**Provided information:**
========================

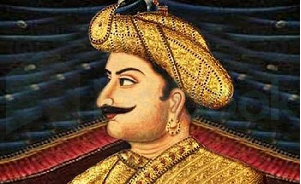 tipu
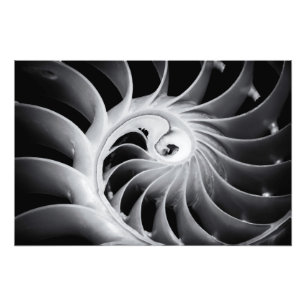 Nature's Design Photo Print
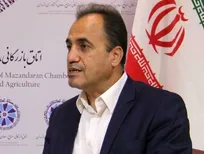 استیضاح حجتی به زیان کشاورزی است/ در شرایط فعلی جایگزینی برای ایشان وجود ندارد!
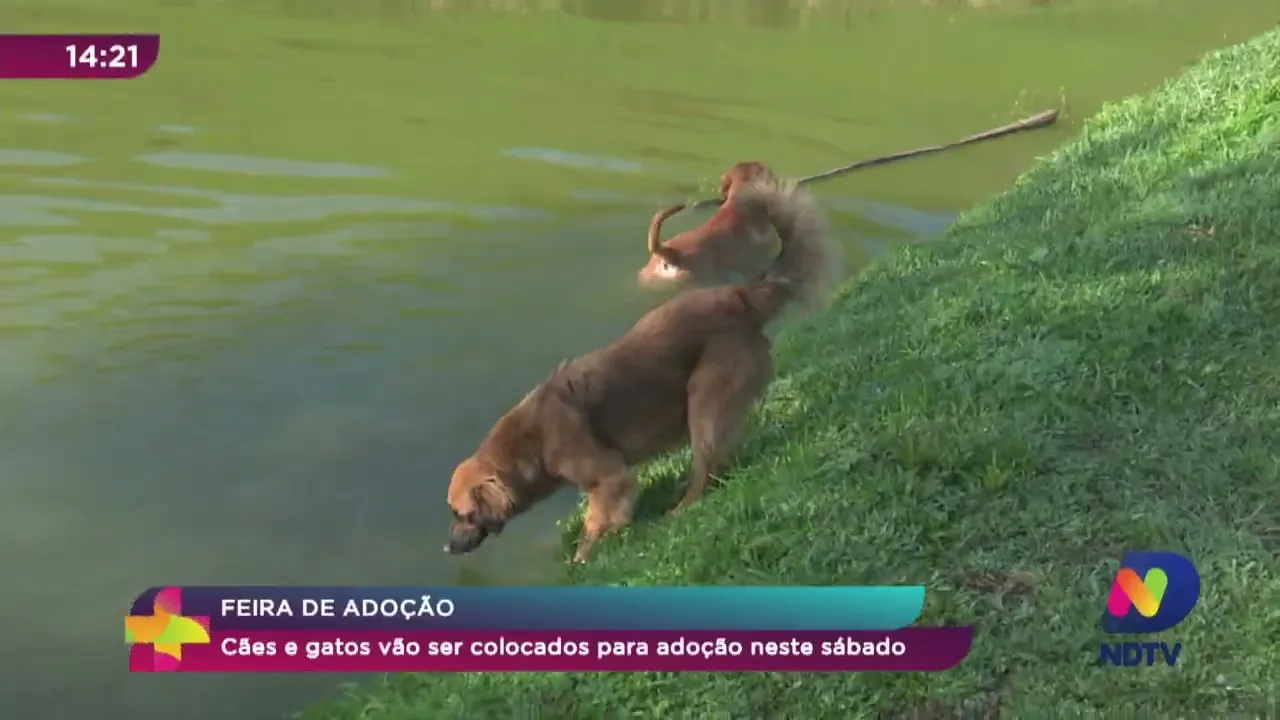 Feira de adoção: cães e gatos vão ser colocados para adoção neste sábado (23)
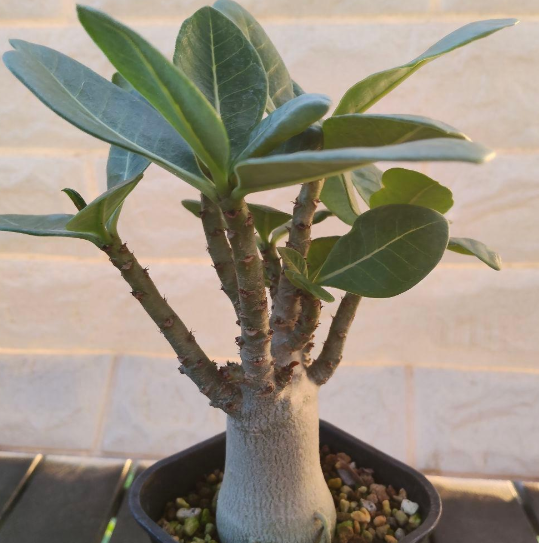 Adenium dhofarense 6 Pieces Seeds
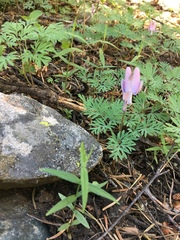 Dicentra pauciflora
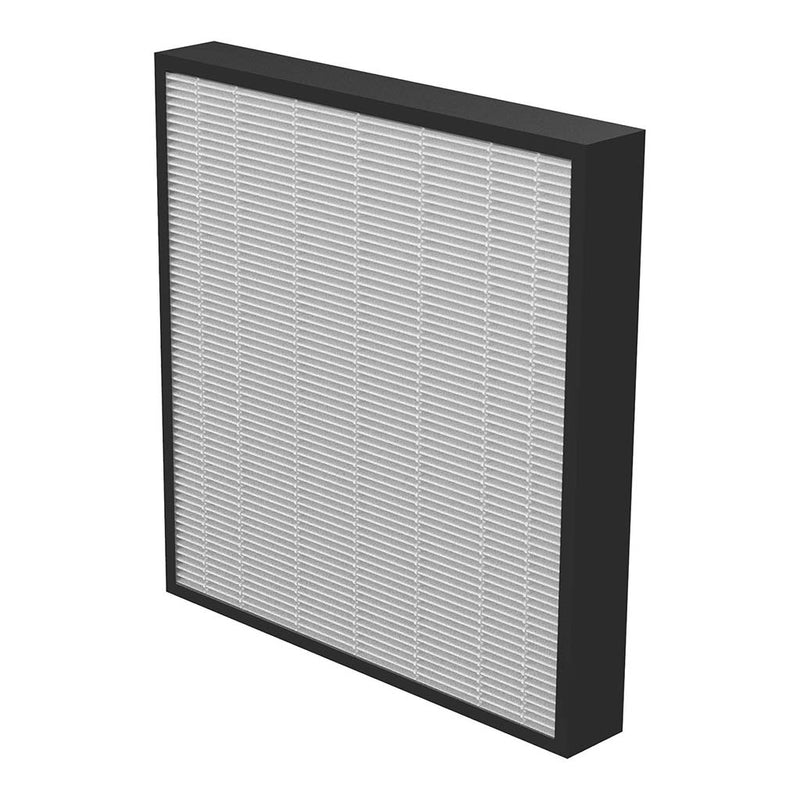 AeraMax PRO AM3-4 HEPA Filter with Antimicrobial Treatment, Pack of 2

========================

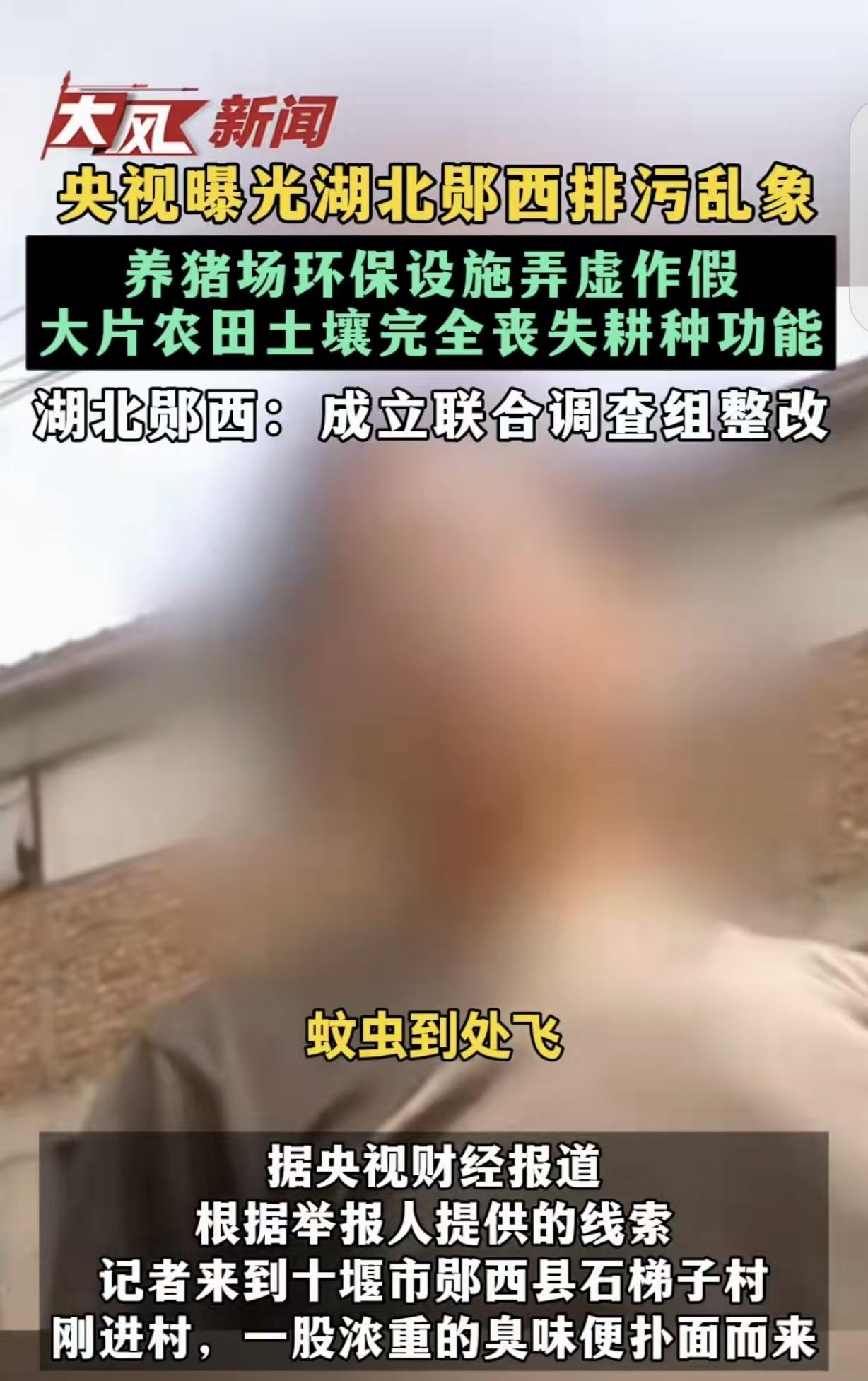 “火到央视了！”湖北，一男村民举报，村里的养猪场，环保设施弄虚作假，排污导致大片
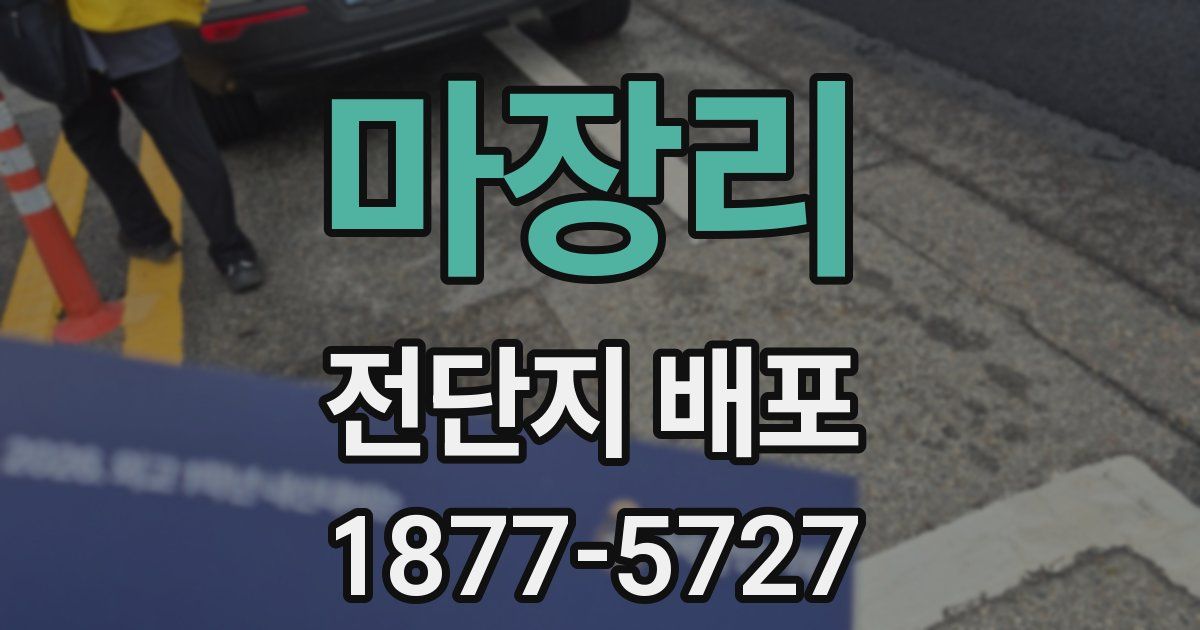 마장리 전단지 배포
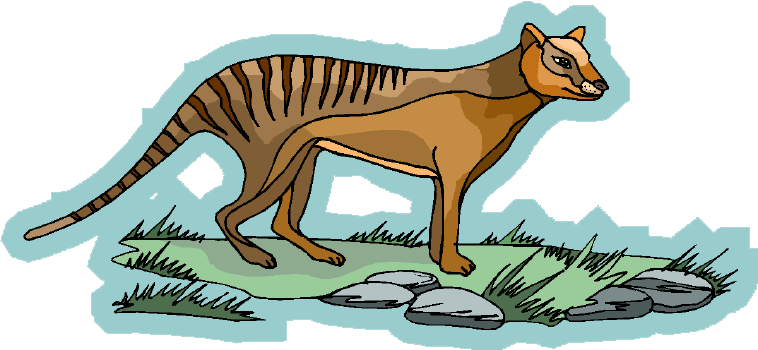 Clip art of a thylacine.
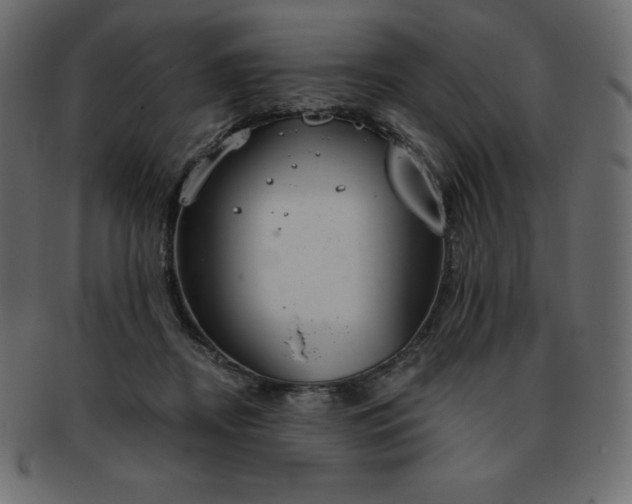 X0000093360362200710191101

========================

**Required action:**
Please output, exactly as written, the lines above from the one holding "Adenium dhofarense 6 Pieces Seeds" through the one holding "AeraMax PRO AM3-4", both included, with the pictures omitted.

**Finished task:**
 Adenium dhofarense 6 Pieces Seeds
 Dicentra pauciflora
 AeraMax PRO AM3-4 HEPA Filter with Antimicrobial Treatment, Pack of 2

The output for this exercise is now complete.